◆ TRY IT
Once you find the line containing "Okay the next" in the data below, copy it and each following line exactly, up to and including the line containing "Step one. In", and nothing else.

◆ SUPPLIED MATERIAL
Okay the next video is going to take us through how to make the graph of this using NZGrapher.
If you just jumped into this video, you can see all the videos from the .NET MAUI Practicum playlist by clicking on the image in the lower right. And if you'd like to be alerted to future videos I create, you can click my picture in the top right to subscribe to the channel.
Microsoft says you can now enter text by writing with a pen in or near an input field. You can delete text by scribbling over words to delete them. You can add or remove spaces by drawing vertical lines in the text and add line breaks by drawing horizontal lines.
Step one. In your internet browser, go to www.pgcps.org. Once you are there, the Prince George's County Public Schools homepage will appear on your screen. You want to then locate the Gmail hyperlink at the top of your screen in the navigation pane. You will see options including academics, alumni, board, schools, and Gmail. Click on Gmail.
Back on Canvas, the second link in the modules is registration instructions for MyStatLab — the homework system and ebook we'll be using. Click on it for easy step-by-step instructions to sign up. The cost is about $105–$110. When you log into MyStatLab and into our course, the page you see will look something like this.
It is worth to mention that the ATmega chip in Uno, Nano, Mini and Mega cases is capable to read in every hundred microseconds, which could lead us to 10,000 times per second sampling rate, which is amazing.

* * *

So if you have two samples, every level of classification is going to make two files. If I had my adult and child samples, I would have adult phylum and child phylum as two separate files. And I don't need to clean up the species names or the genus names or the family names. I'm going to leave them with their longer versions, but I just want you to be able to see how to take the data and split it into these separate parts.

◆ PROBLEM SOLUTION
Okay the next video is going to take us through how to make the graph of this using NZGrapher.
If you just jumped into this video, you can see all the videos from the .NET MAUI Practicum playlist by clicking on the image in the lower right. And if you'd like to be alerted to future videos I create, you can click my picture in the top right to subscribe to the channel.
Microsoft says you can now enter text by writing with a pen in or near an input field. You can delete text by scribbling over words to delete them. You can add or remove spaces by drawing vertical lines in the text and add line breaks by drawing horizontal lines.
Step one. In your internet browser, go to www.pgcps.org. Once you are there, the Prince George's County Public Schools homepage will appear on your screen. You want to then locate the Gmail hyperlink at the top of your screen in the navigation pane. You will see options including academics, alumni, board, schools, and Gmail. Click on Gmail.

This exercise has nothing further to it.